The Stippled Gridpoints are Statistically Significant: (Mis)uses of False Discovery Rate Correction for Geospatial Data
Abstract. Peer-reviewed articles in the geosciences routinely assess statistical significance in spatially distributed data. Statistical significance is often assessed independently at each grid point, while formal adjustment for multiple testing is applied less consistently. Although several approaches to account for multiple testing exist, their application to geosciences data is not always straightforward, as these data often exhibit spatially coherent signals.
In this work, we revisit multiple-testing correction in the context of spatially structured datasets. We first highlight how neglecting multiple testing correction can substantially inflate the number of false positives. We further show that the global false discovery rate (FDR) approach, proposed in literature for application in geosciences, can yield counterintuitive and potentially misleading results when applied to spatially coherent signals.
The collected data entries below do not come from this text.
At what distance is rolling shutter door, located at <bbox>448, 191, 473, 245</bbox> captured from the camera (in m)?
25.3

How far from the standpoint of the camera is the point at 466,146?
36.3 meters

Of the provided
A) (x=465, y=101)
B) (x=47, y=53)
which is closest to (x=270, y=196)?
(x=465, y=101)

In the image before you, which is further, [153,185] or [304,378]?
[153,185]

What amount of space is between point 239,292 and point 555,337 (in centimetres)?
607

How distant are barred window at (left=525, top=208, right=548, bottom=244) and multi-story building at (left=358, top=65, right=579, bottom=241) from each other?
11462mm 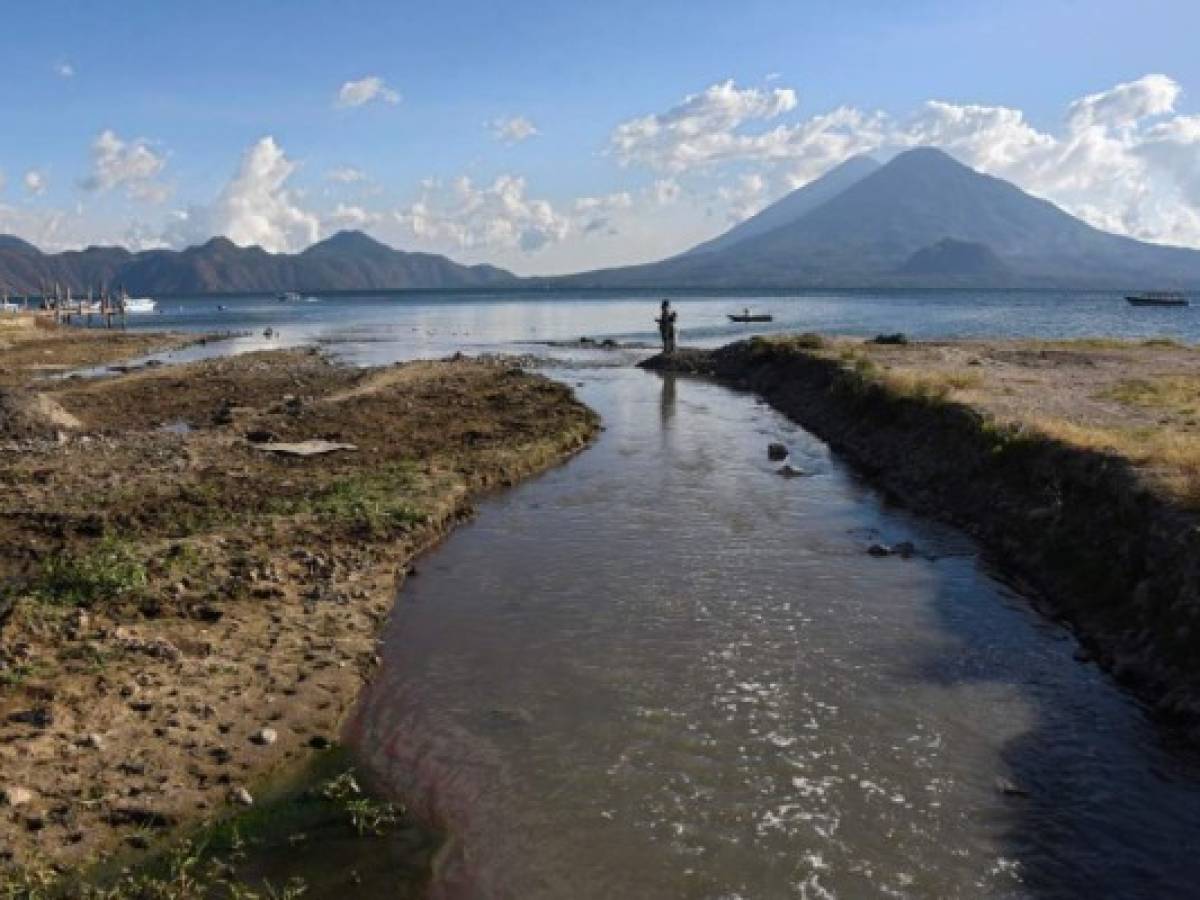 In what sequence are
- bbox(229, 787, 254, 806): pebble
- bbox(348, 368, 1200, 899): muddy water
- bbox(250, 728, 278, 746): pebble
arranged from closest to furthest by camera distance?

To illustrate the latter point, we provide an example based on near-surface air temperature composites following sudden stratospheric warmings. We show that when anomalies are spatially coherent, restricting the spatial domain can increase the FDR-adjusted significance threshold. Consequently, the same underlying field can appear more statistically significant solely due to domain selection, despite unchanged data. We explain this behavior from the rank-based structure of the FDR procedure and discuss its implications for spatial inference and uncertainty quantification in the geosciences.
Building on these insights, we outline practical recommendations for transparent and robust significance assessment in geoscientific applications. These include clearly documenting multiple-testing corrections when adjusted pointwise significance is shown, cautious interpretation of adjusted thresholds, and considering spatially aware alternatives such as regional or cluster-based inference when appropriate.
Overall, our results highlight both the need to account for multiple-testing and potential issues with a naïve application and interpretation of the FDR correction. We hope that our work may contribute to more robust statistical testing in the geosciences.
This paper points out potential problems associated with use of the FDR procedure in the context of spatially correlated hypothesis tests. The authors show that the rule of thumb recommended in the 2016 Wilks paper, which was derived from a particular synthetic data setting with relatively few locally significant gridpoints, apparently behaves badly in the extreme restricted-domain example highlighted in the present paper, and so is evidently not optimal in general.
The paper is fairly short, and would be stronger if it were to include a spectrum of synthetic-data simulations aimed at quantifying optimized parameterization of the ratio of the FDR to the local test level, perhaps as a function of the proportion of local tests that are nominally significant (for example as suggested on line 196), or possibly in terms of the relationship between the domain size and the spatial autocorrelation length scale. Figure 2 seems to indicate that setting the FDR level closer to 0.05 might yield more consistent results in Figure 1d. At minimum, it would be interesting to see the counterpart of Figure 1d with equality of the FDR level and the local test level (i.e., 0.05).
A few more specific comments:
para beginning line 65. Not quite accurate: FDR is actual, not expected number of incorrectly rejected nulls. The Benjamini-Hochberg procedure limits (“controls”) the proportion of such rejections, in expectation. So alpha-FDR = 0.1 implies that, on average, no more than 10% of rejected nulls are false positives, and indeed there may be fewer than this. (The characterization on line 91 is correct).
line 110. The test setup here appears to assume implicitly that SSW events are uniformly distributed in the November-March data window, which is substantially longer than 60 days. Is this the case in the observations? Also, is there a physical justification for use of the 60-day period, external to the test data? What is the effect of temperature nonstationarity during November-March?
line 125. The choice of the small Northern European gridbox appears to have been made a posteriori, after calculation of the initial hemispheric analysis. The several papers cited, apparently to justify this choice, presumably were based on the same or substantially overlapping historical data. The possible impact on the second, spatially restricted, analysis should be discussed more fully.